Hey all...I did some searching but couldn't find any info on anyone who has tried or successfully got two tivos to connect to one ethernet port using a USB switch.

I have one HR10-250 and one HDVR2 in the Living Room. Both are Zipper'd (Thanks GM! & RB!) and I currently have one Netgear FA120 USB-Ethernet adapter that plugs into my Airport Express wireless base station.

What I want to be able to do is to connect to either TiVo w/o unplugging the USB/Netgear adapter and plugging it back into the other TiVo. This also seems to require a "reboot" in order to get telnet back on the TiVo that didn't have the USB-Ethernet cable plugged into it. I have seen some Auto and Manual 2-port switches out there and was wondering if anyone knows if this setup would work.
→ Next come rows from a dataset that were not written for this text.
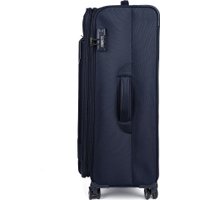 Чемодан-спиннер Fabretti TRM2320-24-8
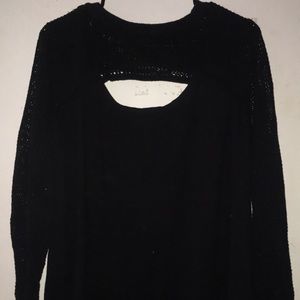 Torrid long sleeve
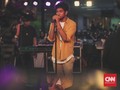 Teddy Adhitya Perlahan Tapi Pasti Tapaki Musik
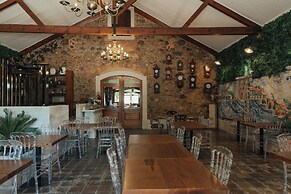 QUINTA DO PINHEIRO HOTEL E EVENTOS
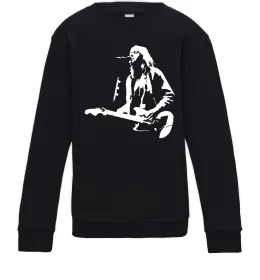 Дитячий світшот Дитячий світшот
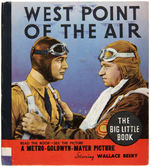 "WEST POINT OF THE AIR" FILE COPY BLB.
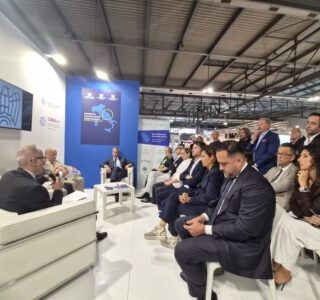 Micam, le calzature marchigiane puntano agli Usa: asse tra Confindustria, Regione e Camera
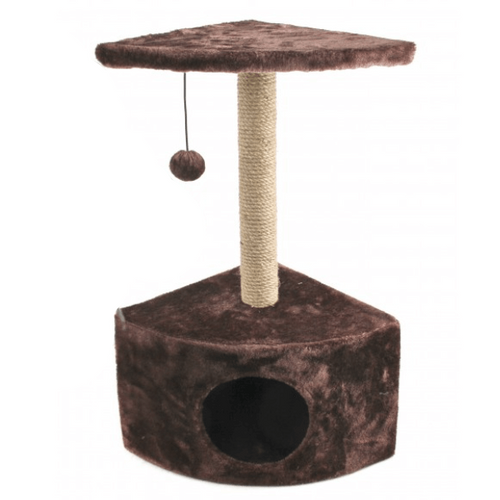 Sisal pentru pisici Colt 32x32x28 cm - Animax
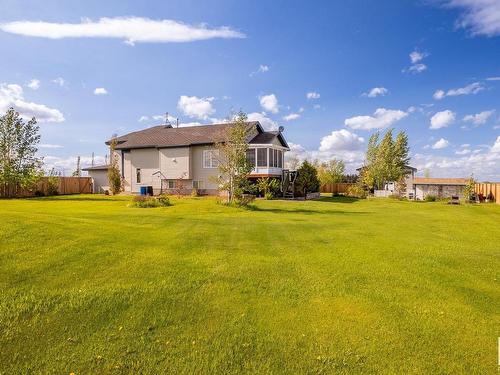 49157 Rge Rd 244, Rural Leduc County, AB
I am specifically looking at the USB 2 Port Share Switch from usbswitch.com (http://www.usbswitch.com/usb_2port_switch.html).

Will this work?...Or would the TiVos need a special driver to recognize the USB switch.
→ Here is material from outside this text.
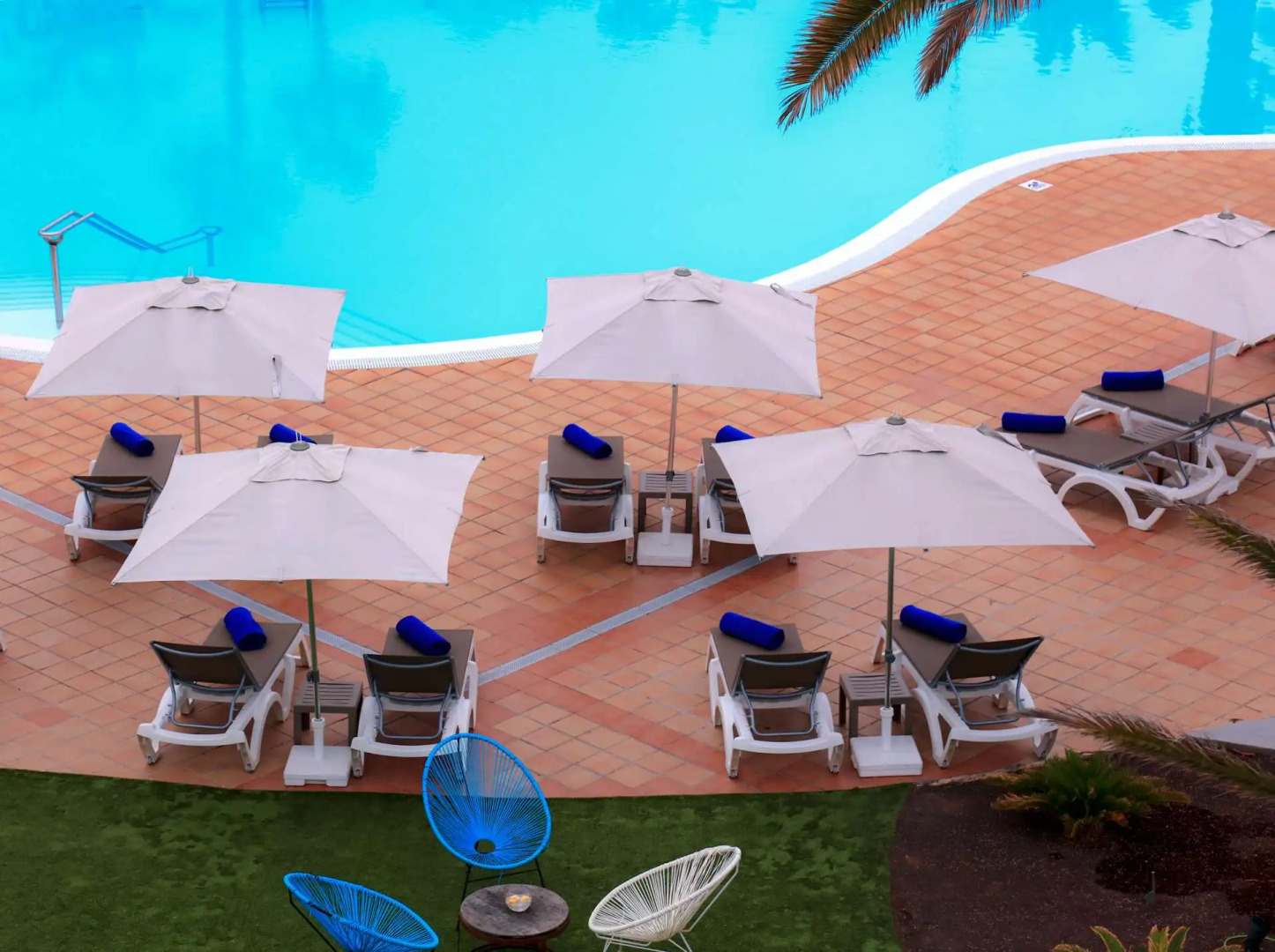 LABRANDA Corralejo Village - All Inclusive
Thanks for any help/suggestions...


----------



## Yog-Sothoth (Jun 14, 2005)

For the price of that USB switch, you could buy two USB-ethernet adapters.


----------



## BBQ-AllStar (Jan 27, 2002)

Yeah, but my Airport Express base station only has one ethernet port...if I bought two adapters, then wouldn't I have to buy ahub for my base station?

And they have a deal right now on a manual switch...reg price is $29.98 but I can get it for $19.98...the one above is the auto switch which would be the best route...it would automatically switch between the two tivos...


----------



## Yog-Sothoth (Jun 14, 2005)

> my Airport Express base station only has one ethernet port


The fix for that is simple: Connect a cheap 5-port ethernet switch to it.


----------



## ttodd1 (Nov 6, 2003)

I don't think this will work as well as you hope. I think your best bet would also be to get the hub and "extra" adapter. It will be less headaches and well worth any added cost.


----------



## SeanC (Dec 30, 2003)

ttodd1 said:


> I don't think this will work as well as you hope. I think your best bet would also be to get the hub and "extra" adapter. It will be less headaches and well worth any added cost.


Less headaches is an understatement. What you want to try will not work. As has been mentioned, get a hub, and 2 adaptors.


----------



## BBQ-AllStar (Jan 27, 2002)

Thanks for the info...I do not want any more headaches...


----------



## Yog-Sothoth (Jun 14, 2005)

Here is an example of what you need: http://www.newegg.com/Product/Product.asp?Item=N82E16817111034 .


----------